The most important lines we are going to edit are going to be found on lines 5 -where we change the name, 30 – where we add the path to our image directory, and 69 and 70 – where we can edit the height and width to reflect our training images. Edit these lines to correspondingly attune the trainer to run on your images.

Additionally, we may want to edit the prompts. Several of the prompts refer to animals or scenes, so if we are trying to capture a specific person, we may want to edit these to better inform the model. We can also further control these generated samples using the guidance scale and sample steps values on lines 87-88.

We can further optimize training the model by editing the batch size, on line 37, and the gradient accumulation steps, line 39, if we want to more quickly train the FLUX.1 model. If we are training on a multi-GPU or H100, we can raise these values up slightly, but we otherwise recommend they be left the same. Be wary raising them may cause an Out Of Memory error.

On line 38, we can change the number of training steps.
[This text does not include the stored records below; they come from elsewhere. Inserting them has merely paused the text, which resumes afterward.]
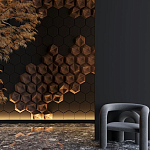 Гипсовая 3D панель с принтографией PM-41 варинант исполнения - 5 | Loft Concept в Омске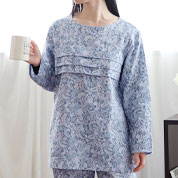 ペイズリーダブルガーゼ3段タックパジャマ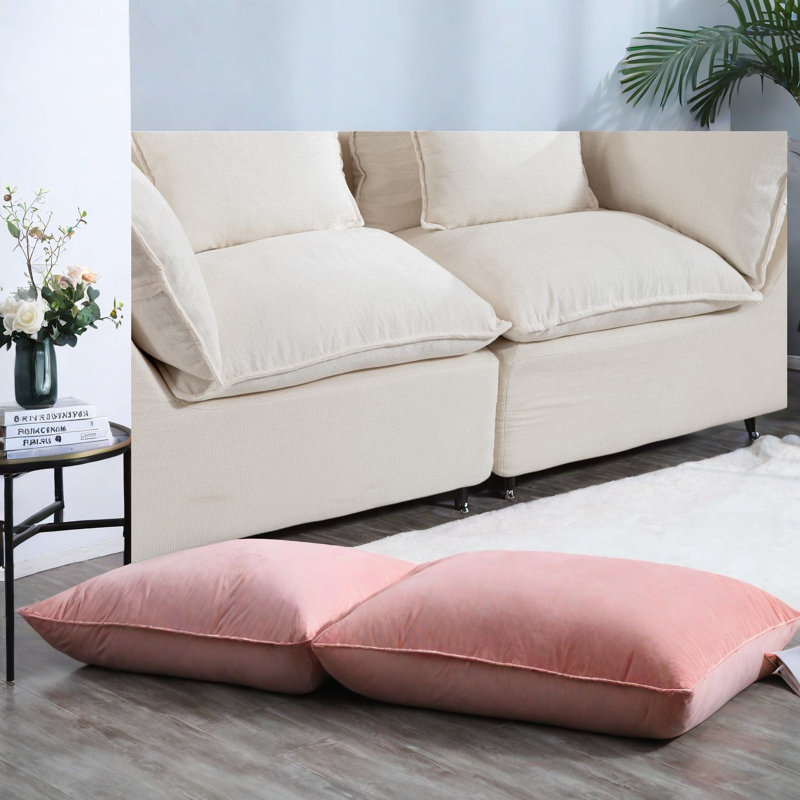 Canapé d'angle modulaire Modern Cloud de 190 cm (74,8 pouces), en tissu gaufré, pour la maison, Ivoire ivoire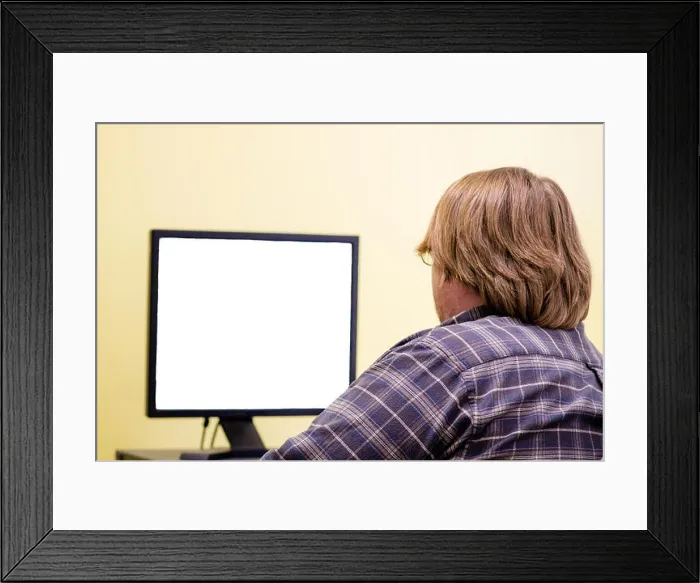 Framed Print : A Man staring at a blank screen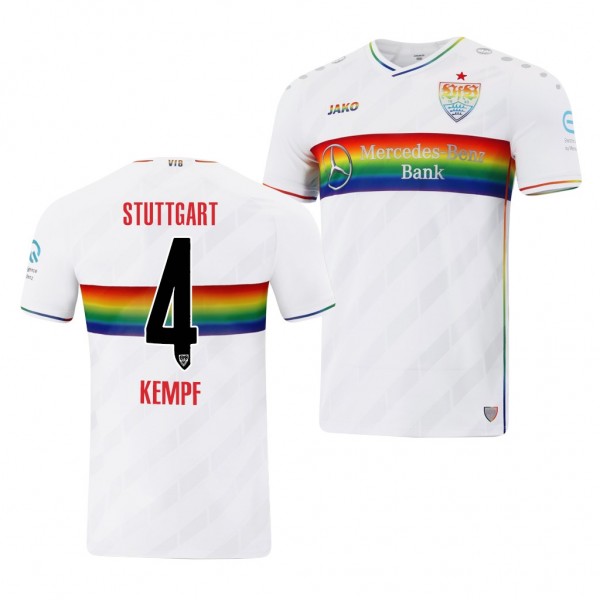 Men's Marc-Oliver Kempf VfB Stuttgart Rainbow Jersey White Limited 2021-22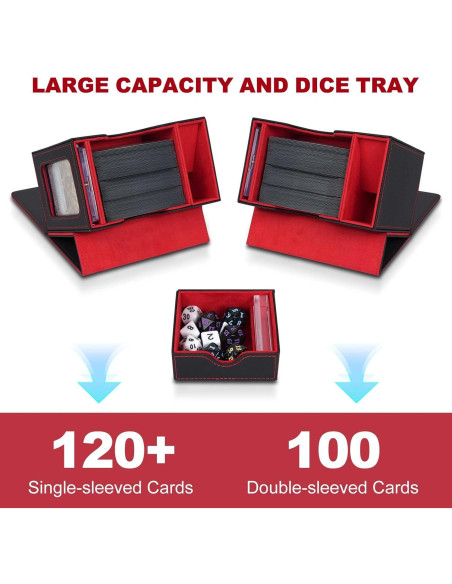 Caja de Almacenamiento AFIING para Cartas 120+ Negra Roja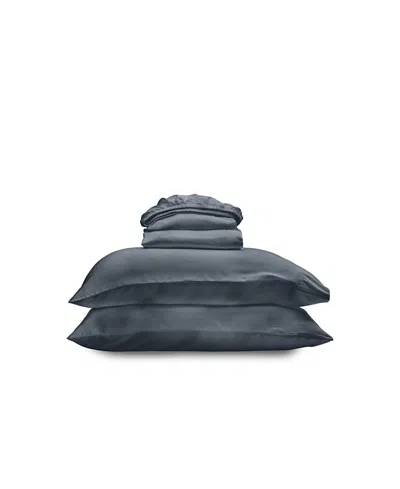 Ettitude Airy Cleanbamboo Sateen+ Sheet Set, Queen In Blue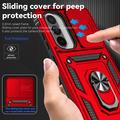 Samsung Galaxy A36 Roterende Ring Hybrid Cover med Kameraskjold - Rød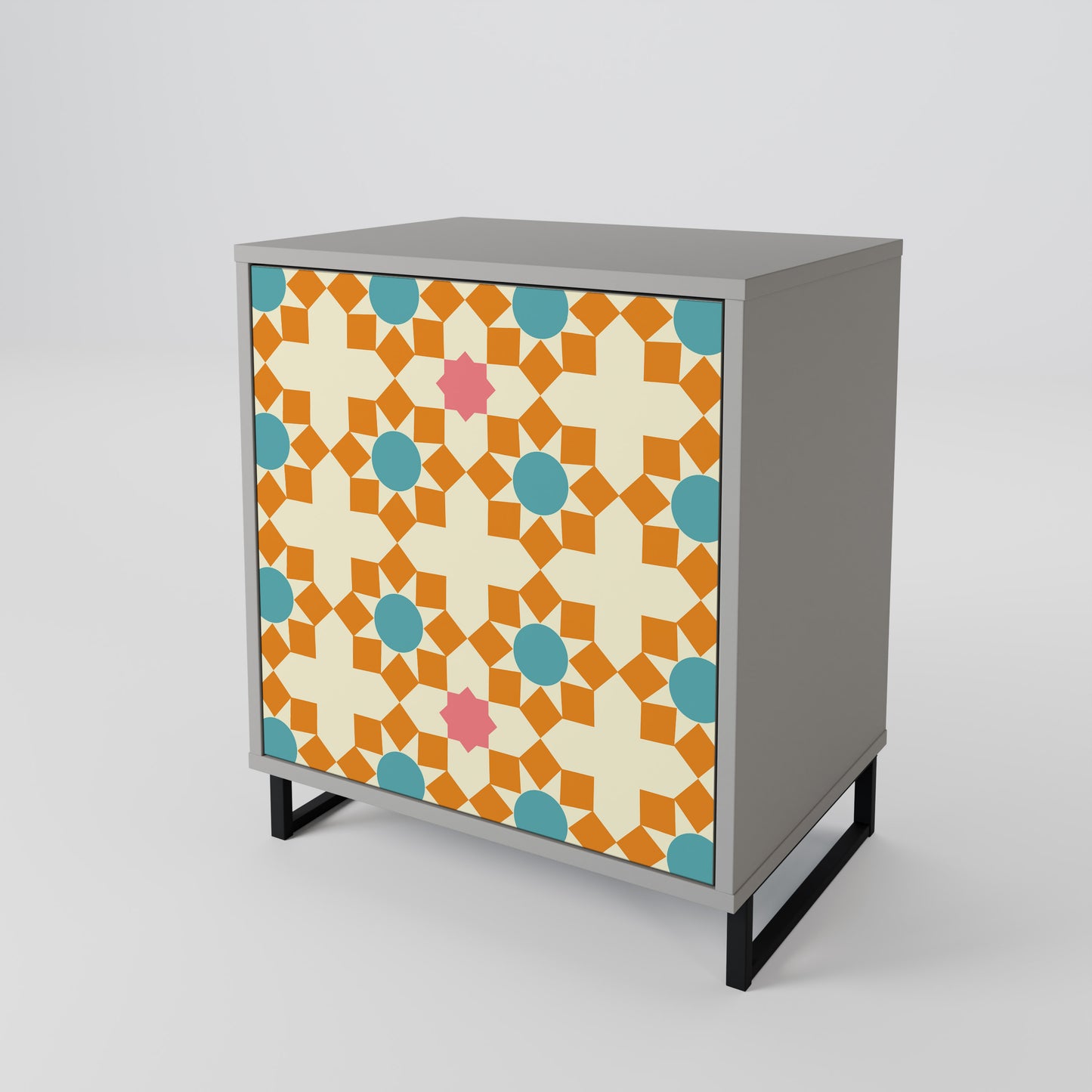 FLORAL DECOR 1-Door Sideboard in Grey Finish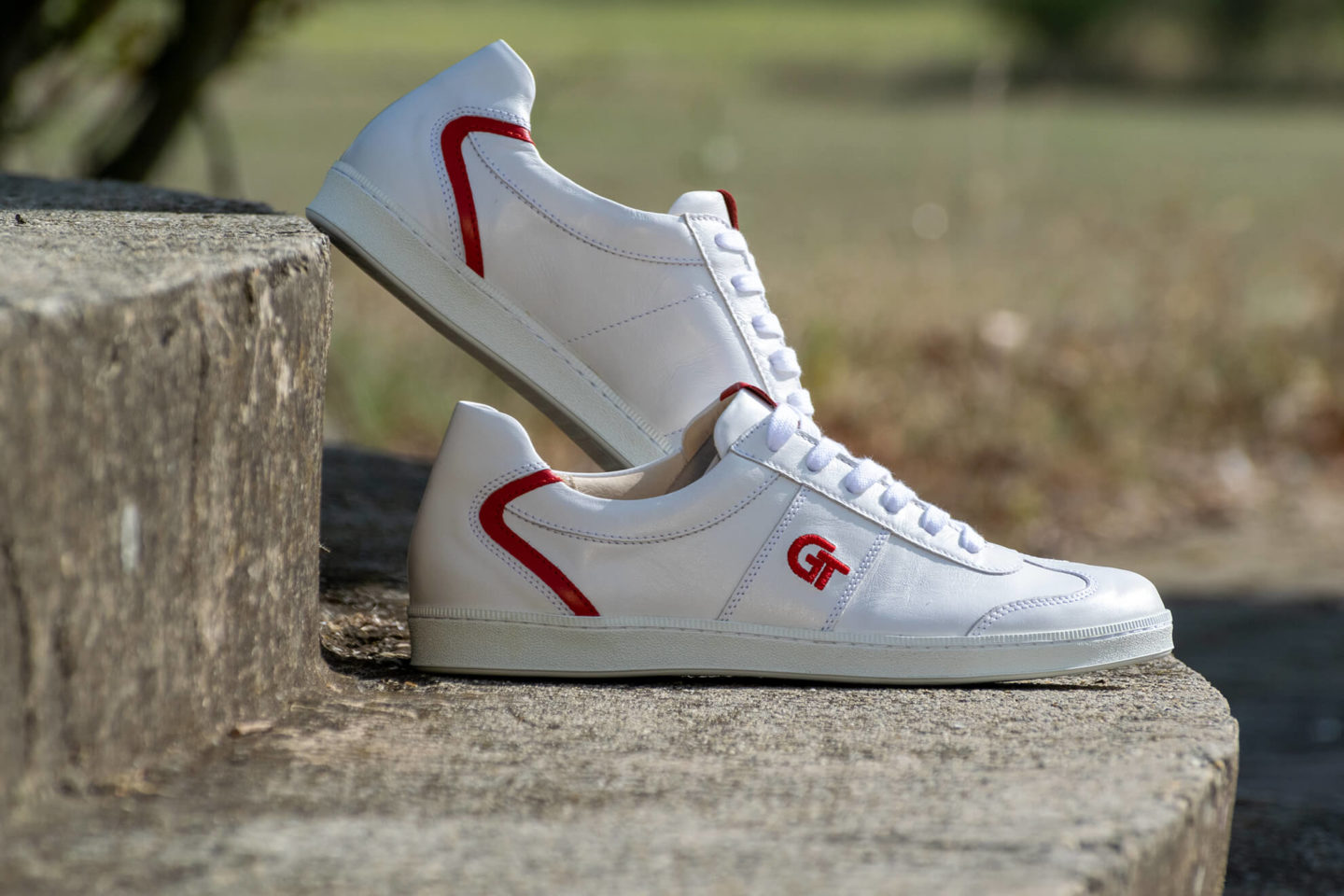 G&T Pro-20 Fehér - Piros bőr sportcipő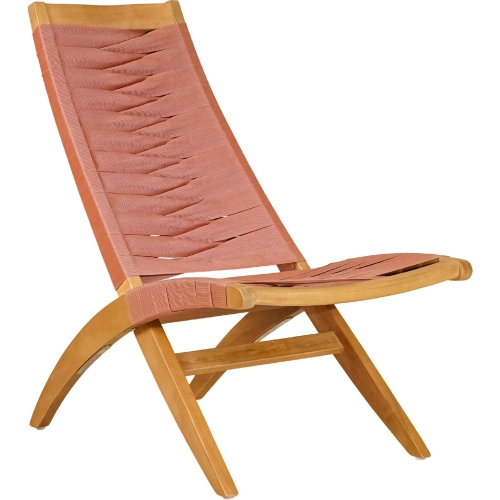 Rova Outdoor Lounge Chair in Terracotta PE Rattan & Wood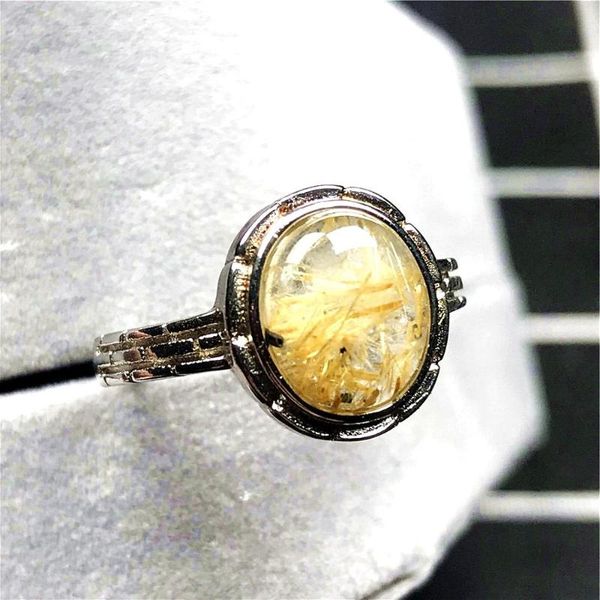 

cluster rings 10x9mm natural gold rutilated quartz ring jewelry for woman man crystal oval beads silver gemstone adjustable, Golden;silver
They recommend between 500 and 4000, so we are going in the middle with 2500. We got good results with this value. It will checkpoint every 250 steps, but we can also change this value on line 22 if needed.

Finally, we can change the model from dev to schnell by pasting the HuggingFace id for schnell in on line 62 (‘black-forest-labs/FLUX.1-schnell’). Now that everything has been set up, we can run the training!

Running the FLUX.1 Training Loop

To run the training loop, all we need to do now is use the run.py script.

 python3 run.py config/examples/train_lora_flux_24gb.yaml

For our training loop, we used 60 images training for 2500 steps on a single H100. The total process took approximately 45 minutes to run. Afterwards, the LoRA file and its checkpoints were saved in Downloads/ai-toolkit/output/my_first_flux_lora_v1/.

How to Fine-Tune a FLUX Model in under an hour with AI Toolkit and a DigitalOcean H100 GPU
As we can see, the facial features are slowly transformed to more closely match the desired subject’s features.

In the outputs directory, we can also find the samples generated by the model using the previously mentioned prompts in the config. These can be used to see how progress is being made on training.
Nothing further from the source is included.